Furthermore, 112 patients treated in 2013 were reported by doctor Pak, he states “The patients improved on all criteria, including the cartilage whole-organ MRI scores. No serious complications were reported. They also reported the average efficacy of the regenerative treatment to be 65% at 3 months without any serious side effects and without any development of tumours. Some of the side effects reported were swelling and tendonitis.” (Pak J., et al. 2017)

In 2014, a total of 102 patient treatments were covered in his review. The patient’s “arthroscopic exams showed fibrocartilage regeneration”, the “Knee Documentation Committee and Tegner activity level scales significantly improved, but 76% of the patients had abnormal repair tissue observed during arthroscopy.” (Pak J., et al. 2017)
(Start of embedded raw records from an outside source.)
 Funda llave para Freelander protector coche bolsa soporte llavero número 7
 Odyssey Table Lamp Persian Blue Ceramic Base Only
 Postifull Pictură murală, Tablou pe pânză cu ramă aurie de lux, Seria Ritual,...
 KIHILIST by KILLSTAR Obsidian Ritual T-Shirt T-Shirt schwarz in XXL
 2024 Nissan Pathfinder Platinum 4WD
Another study performed in 2014 revealed “after 8.5 months of treatment, all 21 patients showed improved VAS pain score and the Lysholm score.” (Pak J., et al. 2017)
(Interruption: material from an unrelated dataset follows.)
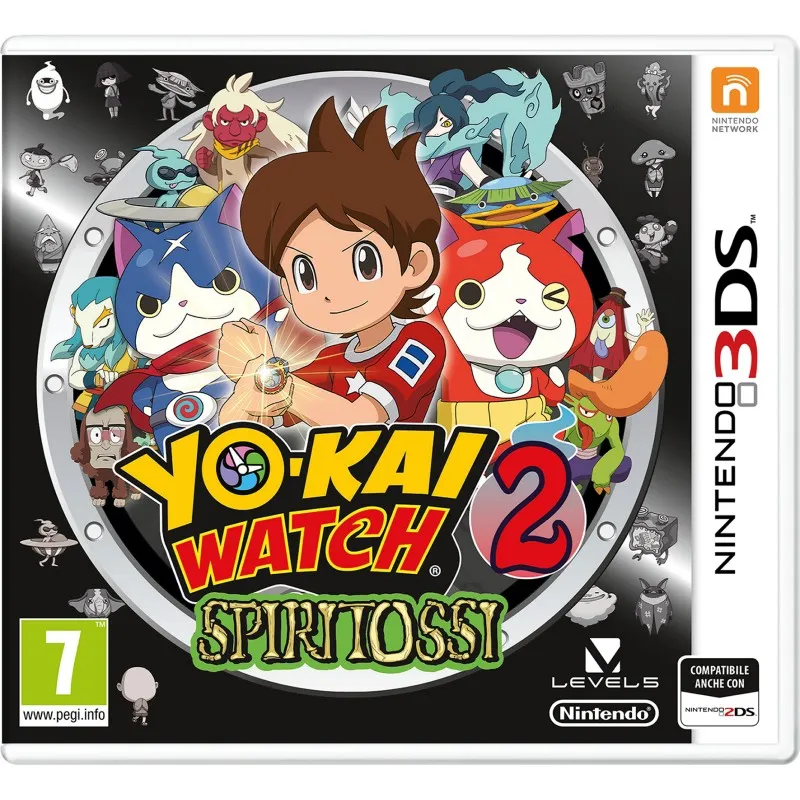  Yo-Kai Watch 2: Spiritossi, 3DS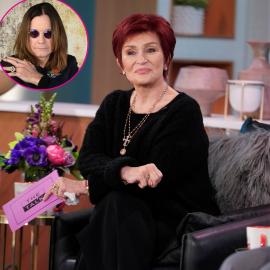 Ozzy Osbourne’s New Book Claims Sharon's 'The Talk' Exit Was a 'Carve-Up' Ozzy Osbourne’s New Book Claims Sharon's 'The Talk' Exit Was a 'Carve-Up'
The largest study took place by professor Michalek in 2015, focusing on 1114 patients. The results of this study written by Dr. Pak stated, “No serious side effects were reported, and no incidents of cancer were reported. The clinical effects, measured on the basis of pain, non-steroid analgesic usage, limping, extent of joint movement, and stiffness, all improved. At 12 months after treatment, 63% of all patients reported approximately 75% symptom improvement and 91% of all patients reported approximately 50% of symptom improvement.” (Pak J., et al. 2017)

The final observation focuses on a further 73 patients that were treated in 2016. The results state “Three months after treatment, all three patients’ symptoms, measured using FRI, ROM, and VAS pain score, improved. In addition, comparison of pre-treatment and post-treatment MRI data of all three patients demonstrated cartilage-like tissue regeneration”. The patient improvement results based on their WOMAC and VAS questionnaires “were maintained at 1 year”. “No major side effects were observed.” (Pak J., et al. 2017)

Conclusion provided by Dr. Jaewoo Pak’s systematic review reveals biological methods of treatment possess “a great clinical potential to treat various orthopedic disorders as seen in human studies”.  Dr. Pak finalises his paper by stating, biological treatment approaches “may be worthwhile to try in individuals for whom medical treatment has failed and for whom surgical options are not available.” (Pak J., et al. 2017)

REF1: Bright, R. (2010). Adipose Derived Stromal Cells to Treat Joint Disease. Journal of Cosmetic Surgery & Medicine, Volume 5(Issue 3).

REF2: Pak, J., Lee, J., Park, K., Park, M., Kang, L. and Lee, S. (2017). Current use of autologous adipose tissue-derived stromal vascular fraction cells for orthopedic applications. Journal of Biomedical Science, 24(1).